Grey Heights Guesthouse

My second TAIS MonsterJam entry, 'Grey Heights Guesthouse' is finished! I'm ahead of schedule, now I just have to post my entries to Canada.

Here it is:



Yup, it's short, but 10 seconds is not a lot of time to tell a story in! It was inspired by my fiance Daz, who spends a lot of time staying in B&Bs and guesthouses when he's working away. Some of the places he has stayed in have been very very grim. You know you are staying in a real budget guesthouse when the monster under the bed looks more comfy than the bed itself!

I shot the entire thing in a different way to my previous shorts. Because my puppets usually speak, I normally have to plan my animations frame by frame to fit with a pre-recorded soundtrack. This time I planned nothing. I knew I had to shoot it as at least two different scenes, and finally decided on three during shooting. I knew what needed to happen, so I just animated the characters, taking as many frames as it took. Then in post-production I could adjust the speed of movements by cutting frames or slow them down by duplicating frames.
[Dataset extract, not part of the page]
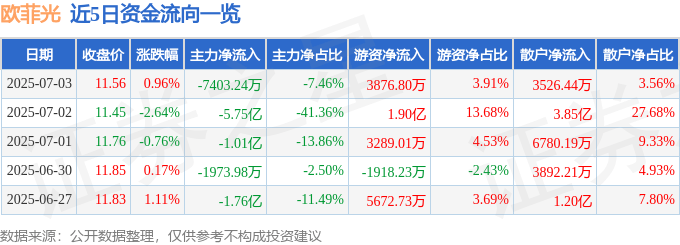 股票行情快报：欧菲光（002456）7月3日主力资金净卖出7403.24万元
I could also get rid of a few bad frames, where a body part was not moving in a smooth line, because that female puppet was an awkward sod to animate smoothly. I then cut the three sections so that they would fit together as one sequence of 300 frames.
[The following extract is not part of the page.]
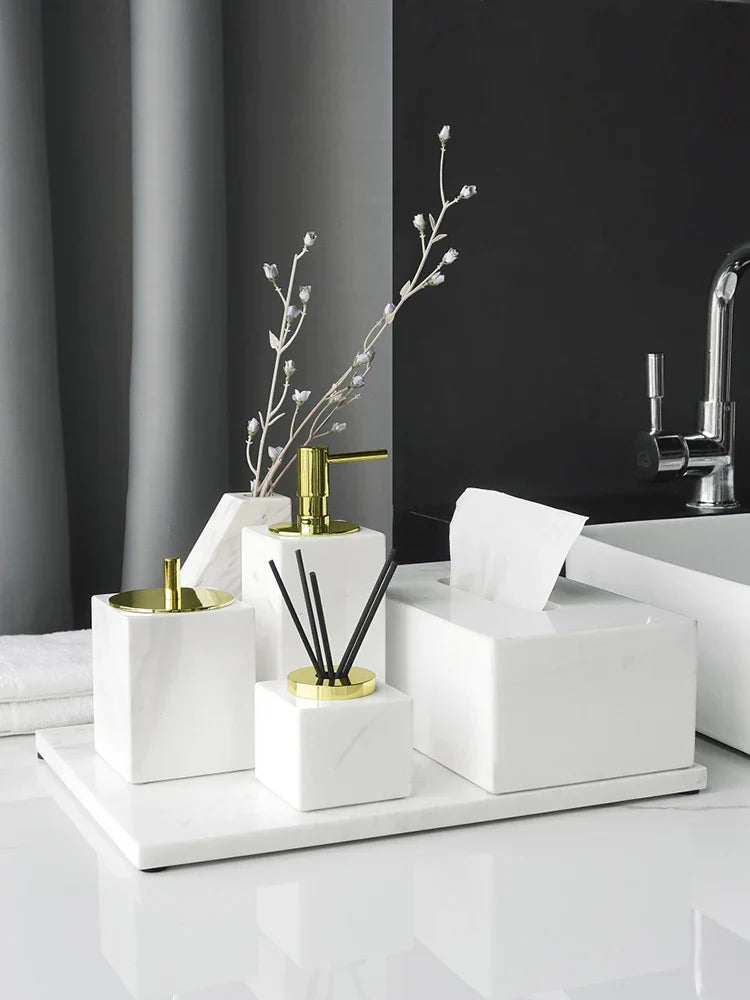 Afralia™ Volakos White Marble Bathroom Set: Soap Dispenser, Makeup Rack, Vanity Tray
I lit the set using reflected light from an angle poise lamp with a 60W daylight simulation bulb, bounced off the off-white wall to the right of my animation table and onto the set. The darkened room effect I did in post-production, layering a circular gradient getting darker at the edges onto the frames, one frame at a time (yawn...). The light fades were done the same way, adding a transparent black layer and changing the opacity from frame to frame. I also had to edit out a major blanket movement crisis in the section where she is stroking the monster's hand. The blanket was taped in place and sprayed with hairspray to stiffen it... and then I went and leant on it mid-scene, because I am a clumsy fool.

The sound was added later in what I can only describe as an experimental trial-and-error fashion along with some basic maths as I know nothing about sound editing. The various sounds are a recording of me roaring before stuffing a pillow in my face and some sound clips shared free of charge by their creators on www.soundsnap.com. I then layered together me roaring, two different creaky bed noises, a background storm, some spooky orchestral chords and a music box. It is probably a horrific mess, but I did my best!

4 comments:

Grant's Animation said...

Hi Ceri,

As a member of TAIS I can assure you they will LOVE your entries. She certainly solved her rusty bedspring problem and found a comfortable alternative in the monster. Funny twist on a classic scenario.

Woolly Monster said...

Thankyou Grant, glad you liked them. Just got to get them posted now...

Hermanos Encinas said...

very very funny!

I love this under-bed-monster

Shelley Noble said...

So sweet the way you have the guest cuddled on the monster like that. You know, that would make for an excellent children's story!